Personal information
- Born: 11 January 1995 (age 31) Nürtingen, Baden-Württemberg, Germany

Chess career
- Country: Germany
- Title: Woman Grandmaster (2017)
- Peak rating: 2376 (January 2017)

= Hanna Marie Klek =

German chess player (born 1995)

Hanna Marie Klek (born 11 January 1995) is a German chess player who holds the title of Woman Grandmaster (WGM, 2017). She won the German Women's Chess Championship (2013) and bronze medal in European Women's Team Chess Championship (2025).

== Biography ==
In 1999 her family - Hanna Marie Klek has two sisters - moved to Erlangen. Her father Konrad Klek is the church musician, theologian and university teacher. After graduating from the Ohm-Gymnasium in 2012, she studied mathematics at the Friedrich-Alexander University in Erlangen-Nuremberg and currently psychology at the Otto-Friedrich-University in Bamberg.

Hanna Marie Klek learned to play chess at the age of eight. She was multiple German Girls Chess Championships winner: U12 (2006, 2007), U14 (2008) and U16 (2011). In 2011 she was 2nd (behind Nastassia Ziaziulkina) at the World Youth Chess Championship in Girls U16 age group in Caldas Novas and 5th at the German Women's Chess Championships in Bonn.

In 2013 in Bad Wiessee Hanna Marie Klek won the German Women's Chess Championship.

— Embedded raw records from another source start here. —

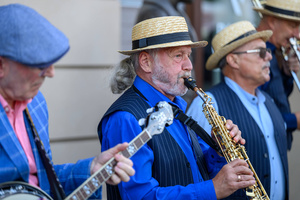 Starówka Jazz Festival – Old Boys Band / Big Band Bochnia - Muzycy jazzowi grający na instrumentach podczas radosnego marszu z Rynku do Amfiteatru w Tarnowie w otoczeniu mieszkańców.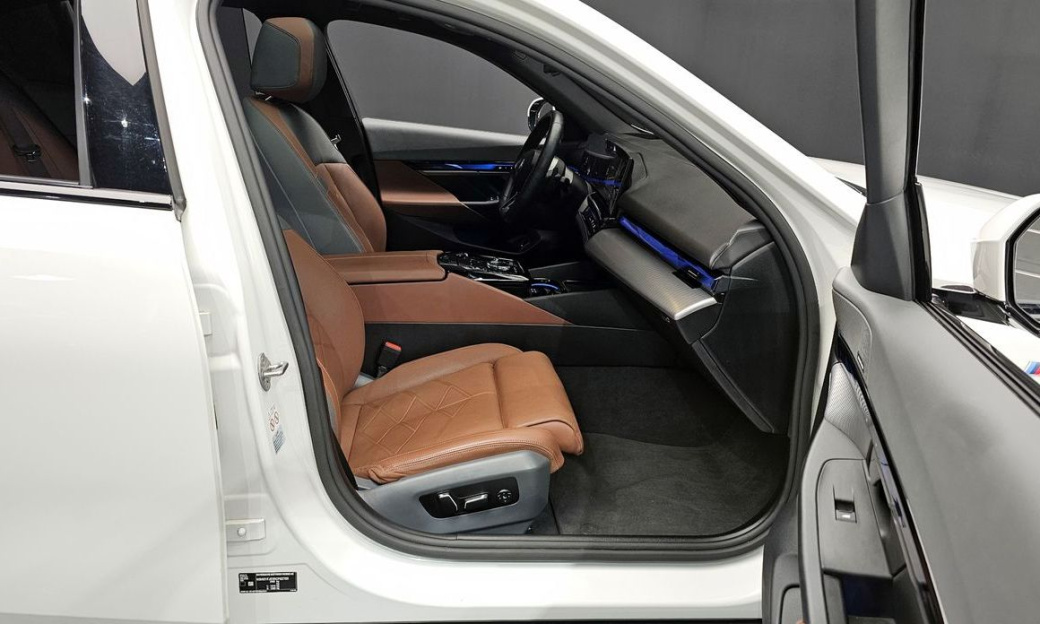 BMW 5-Series 530i xDrive M Sport, 2024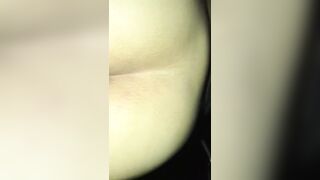 Địt vào lỗ đít em rau dâm rên la dâm đãng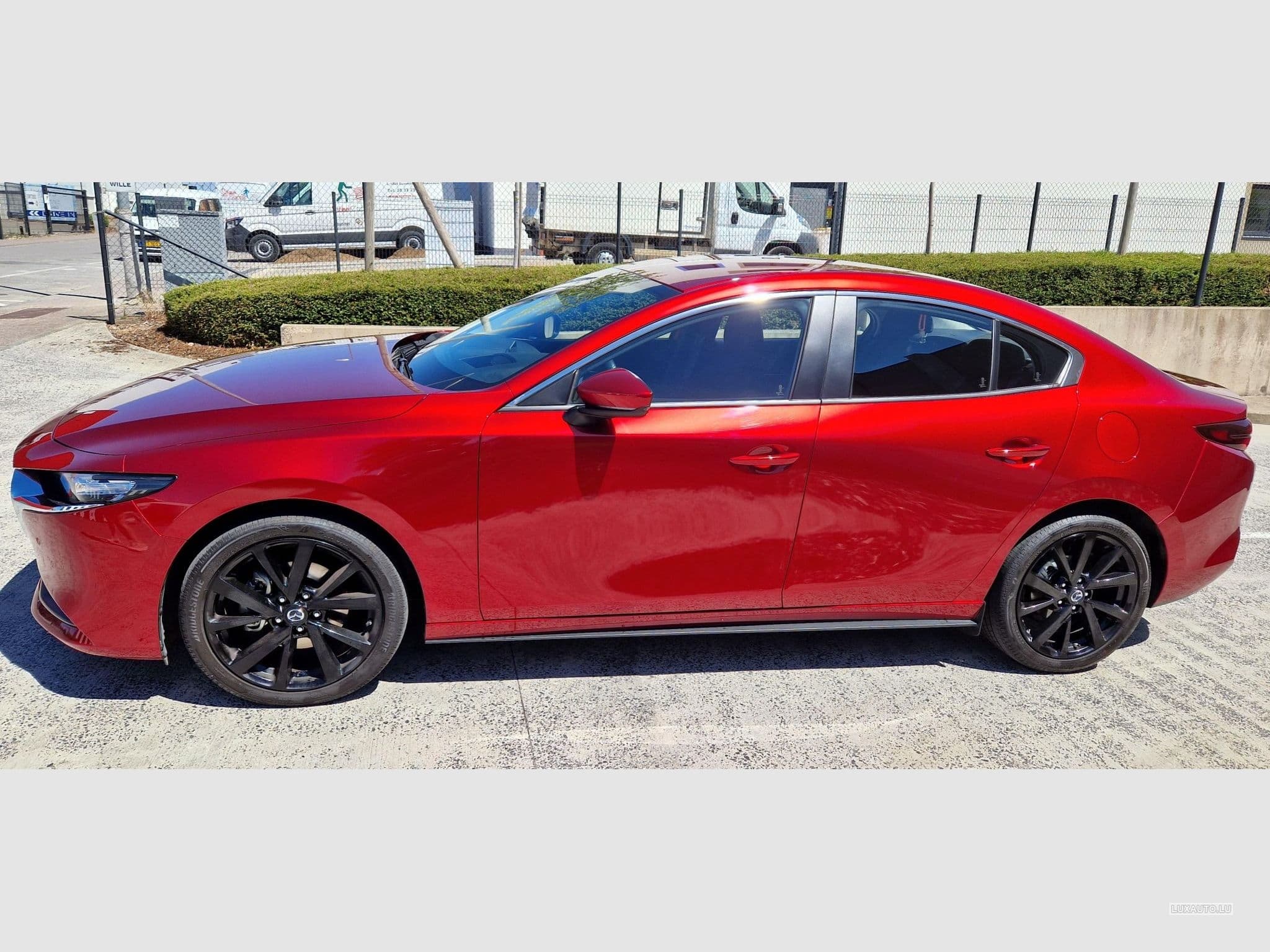 Mazda 3 2.0 e-Skyactiv-G Auto. (2021) - Foto 2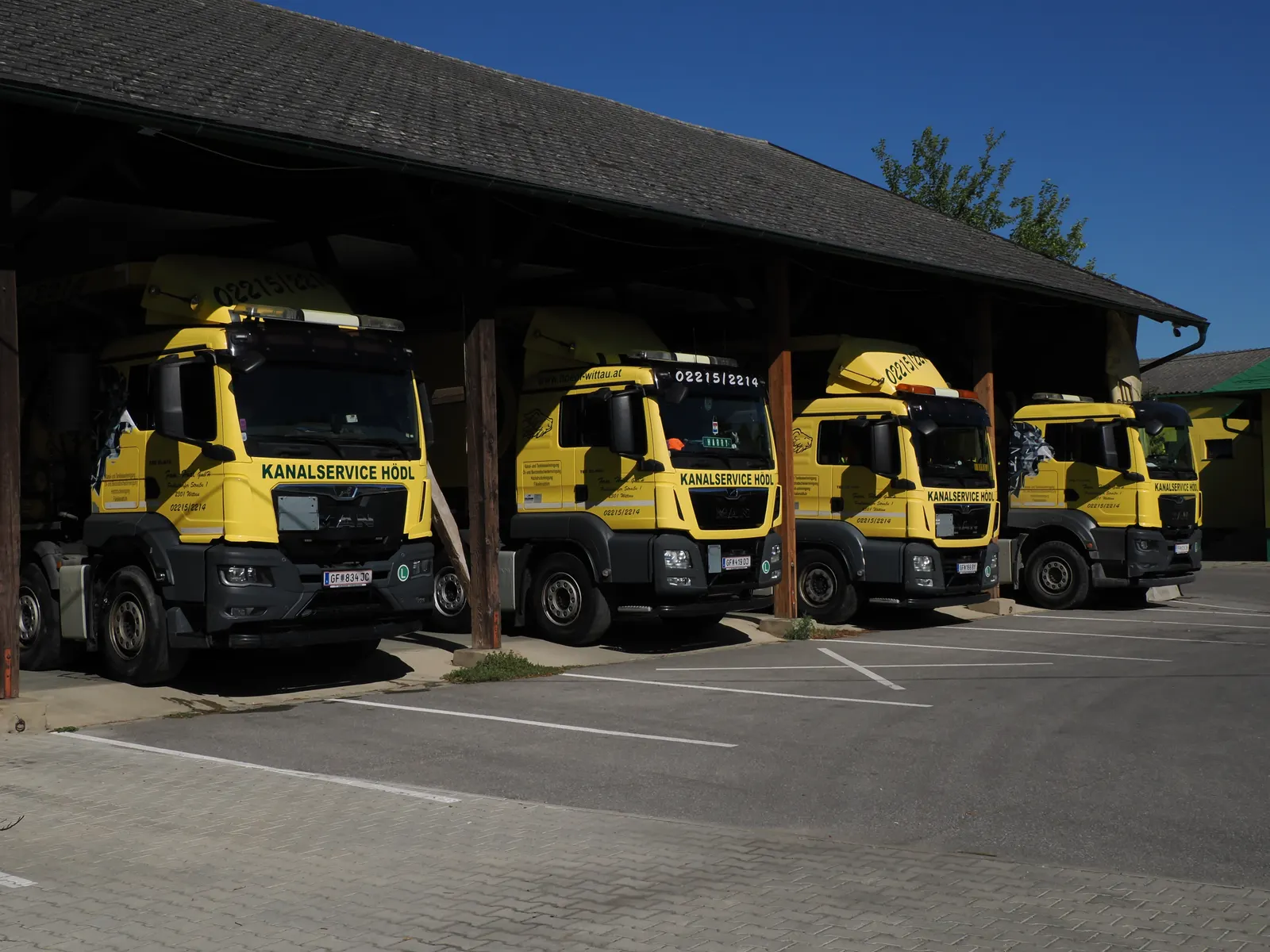 Fuhrpark der Fam. Hödl GmbH unter dem Flugdach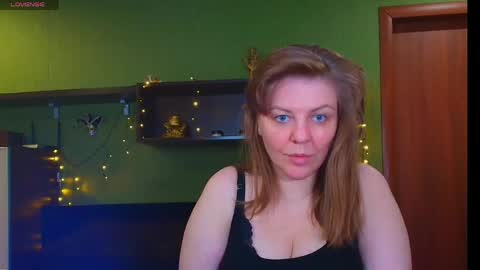 Leona tracie online show from 25, 4, 2026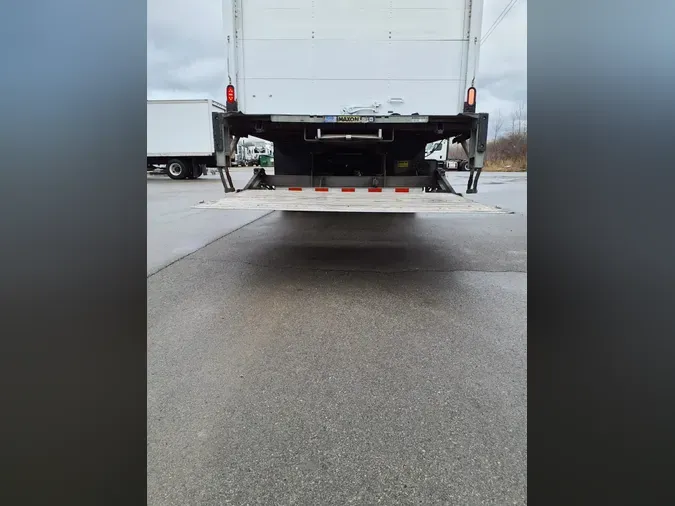 2018 FREIGHTLINER/MERCEDES M2 106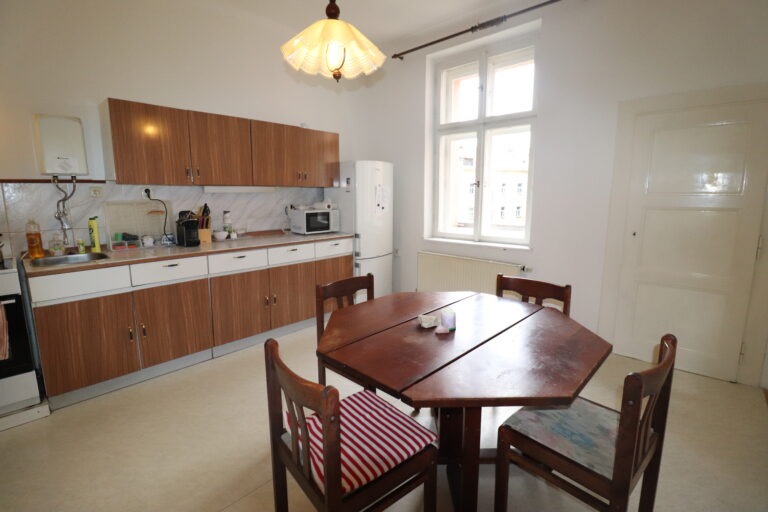 referenční byt v ulici Seifertova na Praze 3 Žižkov, pokoj před rekonstrukcí a před pronajmutí firmě Dormitoryprague pro účely spolubydlení a správy nemovitostí ZDARMA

In 2021 she won the German Master chess tournament for women.

Hanna Marie Klek played for Germany in the Women's Chess Olympiads:
- In 2008, at reserve board in the 38th Chess Olympiad (women) in Dresden (+2, =0, -4),
- In 2022, at third board in the 44th Chess Olympiad (women) in Chennai (+2, =1, -3),
- In 2024, at fourth board in the 45th Chess Olympiad (women) in Budapest (+4, =2, -2).

Hanna Marie Klek played for Germany in the European Women's Team Chess Championships:
- In 2021, at third board in the 14th European Team Chess Championship (women) in Čatež ob Savi (+2, =4, -2),
- In 2023, at fourth board in the 15th European Team Chess Championship (women) in Budva (+1, =4, -2),
- In 2025, at second board in the 16th European Team Chess Championship (women) in Batumi (+3, =5, -0) and won team bronze medal.

Hanna Marie Klek played for Germany in the Women's Chess Mitropa Cups:
- In 2013, at first board in the 10th Chess Mitropa Cup (women) in Meissen (+4, =1, -4) and won team silver medal,
- In 2017, at first board in the 14th Chess Mitropa Cup (women) in Balatonszárszó (+5, =1, -5).

In 2017, she was awarded the FIDE Woman Grandmaster (WGM) title.